### INFORMATION PROVIDED
--

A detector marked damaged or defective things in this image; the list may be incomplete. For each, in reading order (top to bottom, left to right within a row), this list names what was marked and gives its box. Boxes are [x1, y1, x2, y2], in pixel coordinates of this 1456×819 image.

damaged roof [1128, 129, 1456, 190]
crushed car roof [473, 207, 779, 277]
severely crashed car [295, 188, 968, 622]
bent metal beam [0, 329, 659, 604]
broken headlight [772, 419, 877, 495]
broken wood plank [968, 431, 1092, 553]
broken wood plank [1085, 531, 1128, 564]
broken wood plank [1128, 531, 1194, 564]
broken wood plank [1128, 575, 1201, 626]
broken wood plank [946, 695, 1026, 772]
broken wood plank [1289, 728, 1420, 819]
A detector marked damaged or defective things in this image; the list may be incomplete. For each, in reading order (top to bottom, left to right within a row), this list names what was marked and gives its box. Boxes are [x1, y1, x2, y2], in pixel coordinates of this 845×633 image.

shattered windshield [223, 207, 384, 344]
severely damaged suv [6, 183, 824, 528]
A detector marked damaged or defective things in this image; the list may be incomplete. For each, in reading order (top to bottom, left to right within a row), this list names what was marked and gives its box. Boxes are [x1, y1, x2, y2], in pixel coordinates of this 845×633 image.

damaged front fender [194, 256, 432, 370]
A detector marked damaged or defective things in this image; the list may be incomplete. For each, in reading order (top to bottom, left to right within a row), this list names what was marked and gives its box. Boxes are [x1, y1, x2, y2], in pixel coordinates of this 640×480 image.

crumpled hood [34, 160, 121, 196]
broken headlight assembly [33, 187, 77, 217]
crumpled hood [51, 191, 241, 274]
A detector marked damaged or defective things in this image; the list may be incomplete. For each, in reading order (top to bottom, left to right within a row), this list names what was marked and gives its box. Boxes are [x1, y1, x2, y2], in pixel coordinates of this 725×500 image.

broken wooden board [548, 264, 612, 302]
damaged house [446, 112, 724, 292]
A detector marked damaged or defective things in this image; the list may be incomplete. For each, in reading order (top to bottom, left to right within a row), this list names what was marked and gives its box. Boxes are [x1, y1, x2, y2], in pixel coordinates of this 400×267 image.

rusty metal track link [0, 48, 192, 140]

--

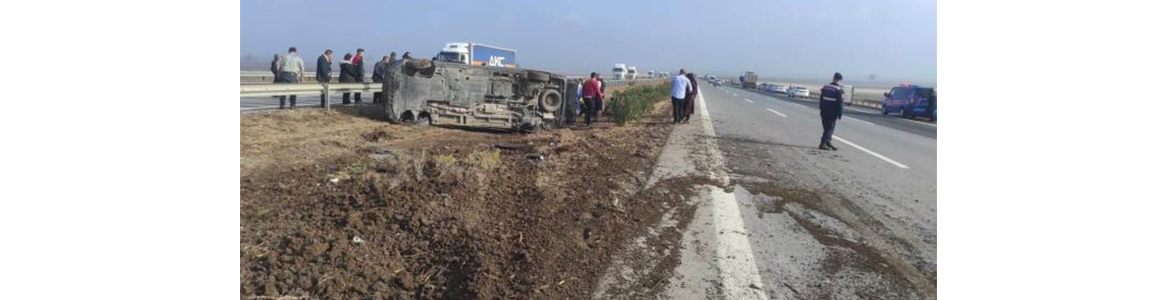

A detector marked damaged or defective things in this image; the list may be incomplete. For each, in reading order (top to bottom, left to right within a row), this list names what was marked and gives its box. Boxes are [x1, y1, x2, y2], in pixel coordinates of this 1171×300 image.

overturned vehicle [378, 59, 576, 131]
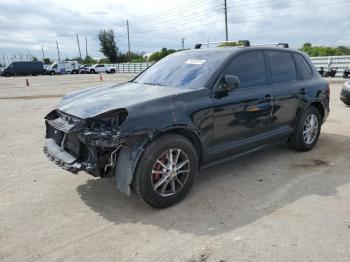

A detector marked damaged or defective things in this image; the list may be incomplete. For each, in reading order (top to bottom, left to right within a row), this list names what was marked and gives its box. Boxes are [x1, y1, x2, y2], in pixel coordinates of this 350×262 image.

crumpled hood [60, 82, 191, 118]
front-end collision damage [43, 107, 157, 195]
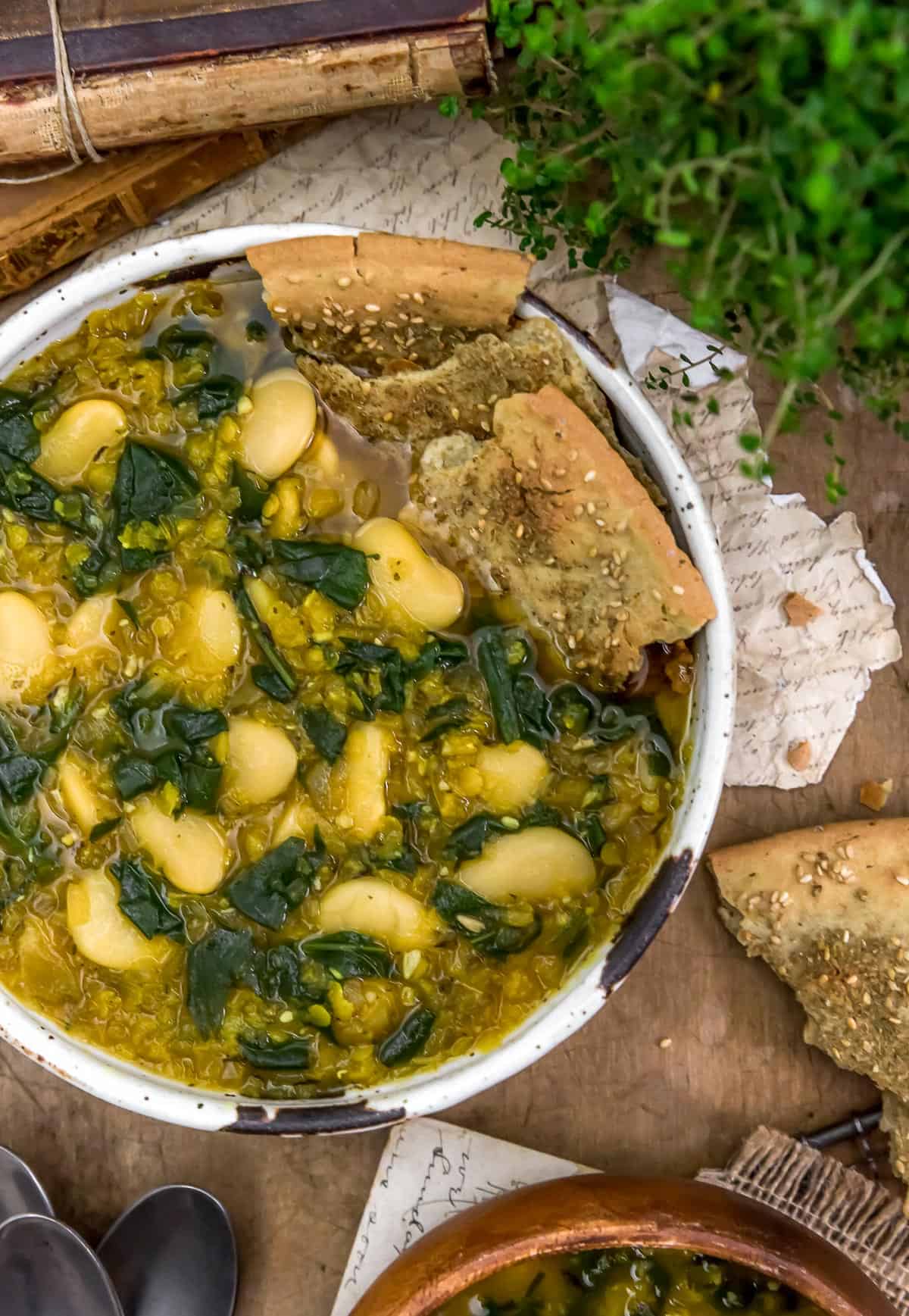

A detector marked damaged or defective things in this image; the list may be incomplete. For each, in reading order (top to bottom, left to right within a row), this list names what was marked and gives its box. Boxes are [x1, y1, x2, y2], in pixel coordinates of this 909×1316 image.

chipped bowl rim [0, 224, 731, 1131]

--

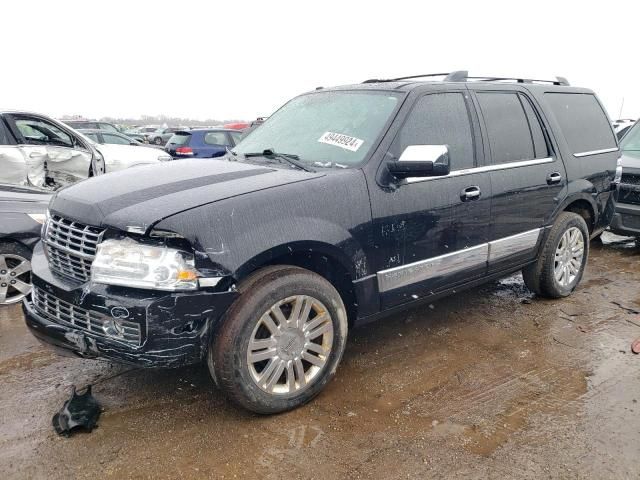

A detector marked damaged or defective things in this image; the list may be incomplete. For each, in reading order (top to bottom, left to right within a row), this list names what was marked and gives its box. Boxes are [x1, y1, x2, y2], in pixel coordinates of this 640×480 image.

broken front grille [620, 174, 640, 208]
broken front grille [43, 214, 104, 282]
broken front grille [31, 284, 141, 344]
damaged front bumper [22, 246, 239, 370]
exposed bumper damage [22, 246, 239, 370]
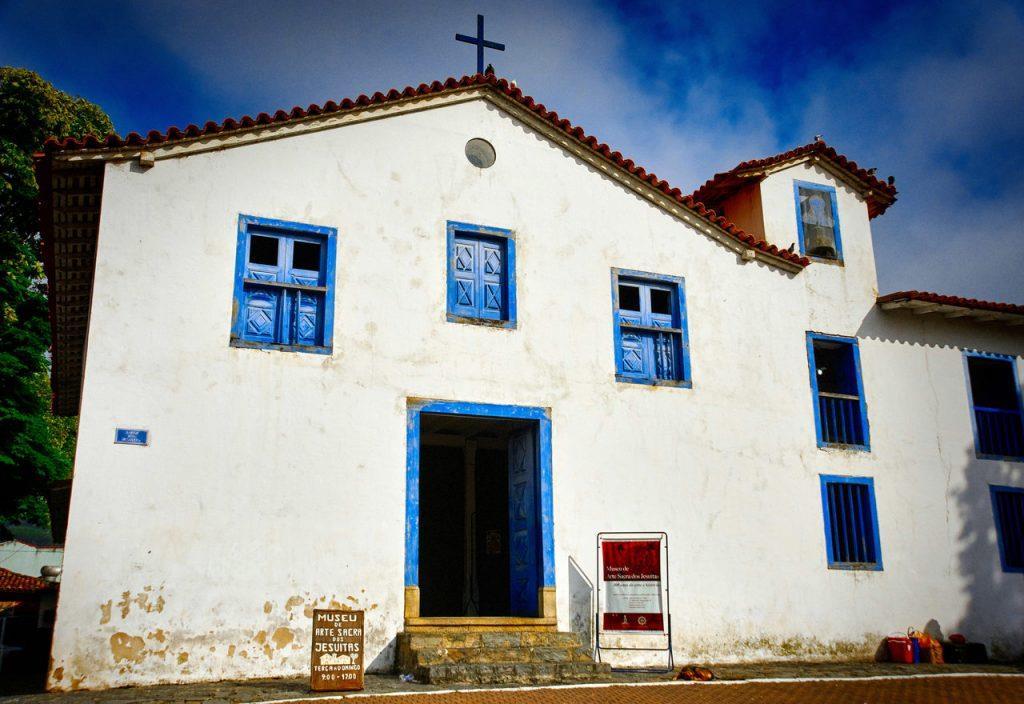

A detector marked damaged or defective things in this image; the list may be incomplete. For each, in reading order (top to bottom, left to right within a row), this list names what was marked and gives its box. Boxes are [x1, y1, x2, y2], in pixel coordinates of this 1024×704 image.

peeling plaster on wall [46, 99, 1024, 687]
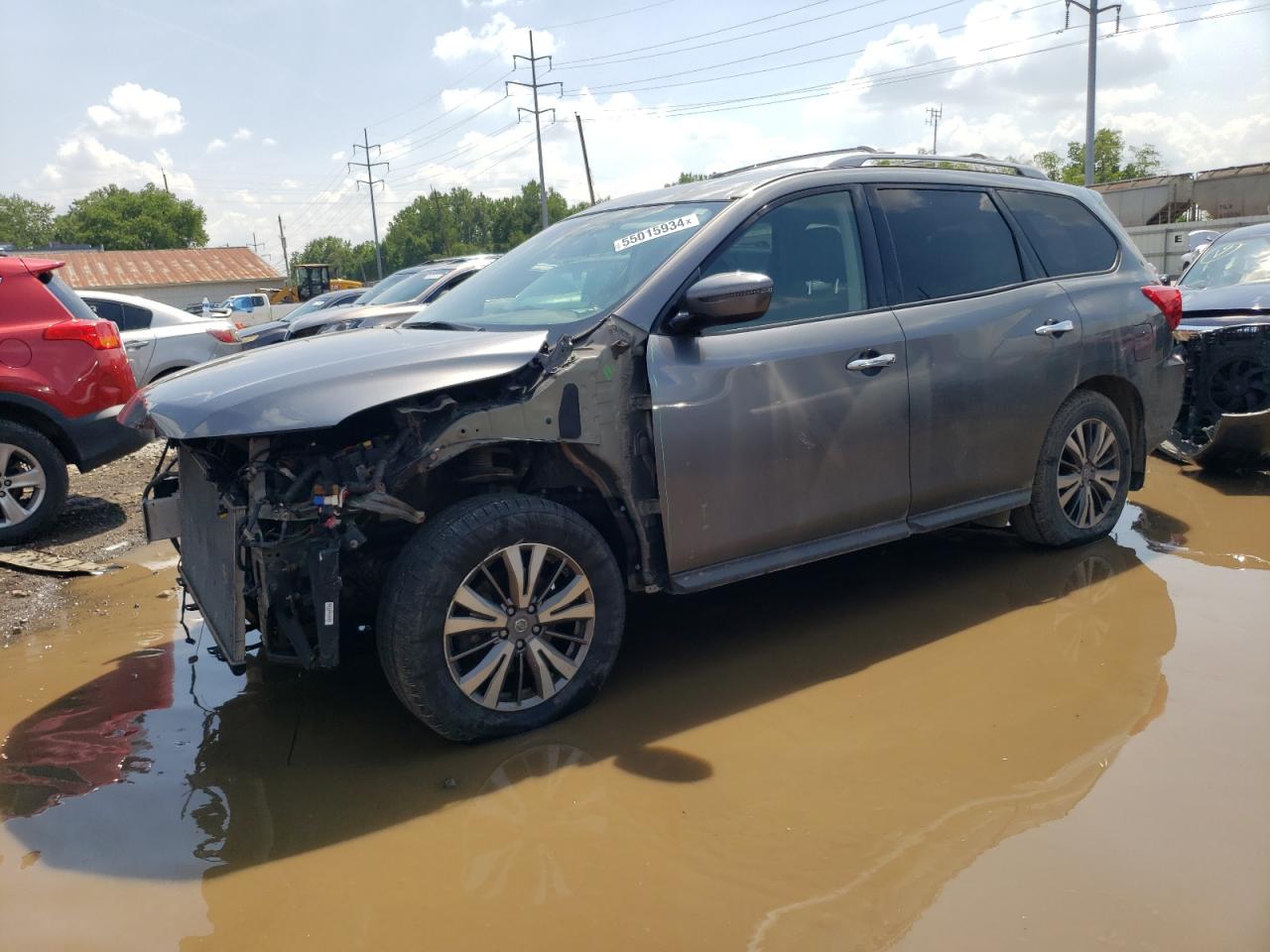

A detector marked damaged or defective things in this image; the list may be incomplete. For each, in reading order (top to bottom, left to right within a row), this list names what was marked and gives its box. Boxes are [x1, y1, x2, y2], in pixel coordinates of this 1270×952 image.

--

### REQUIRED ACTION
The line holding "this 1024×704 image." starts the copy and the line holding "this 1270×952 image." ends it. Repeat those two lines above and all between them exactly, leaving out pictures.

### SOLUTION
A detector marked damaged or defective things in this image; the list may be incomplete. For each, in reading order (top to bottom, left to right within a row), this list names what was marked and gives its box. Boxes are [x1, y1, x2, y2], in pixel coordinates of this 1024×704 image.

peeling plaster on wall [46, 99, 1024, 687]

A detector marked damaged or defective things in this image; the list may be incomplete. For each, in reading order (top to bottom, left to right within a row), this list names what was marked and gives its box. Boxes are [x1, y1, x2, y2], in pixel coordinates of this 1270×952 image.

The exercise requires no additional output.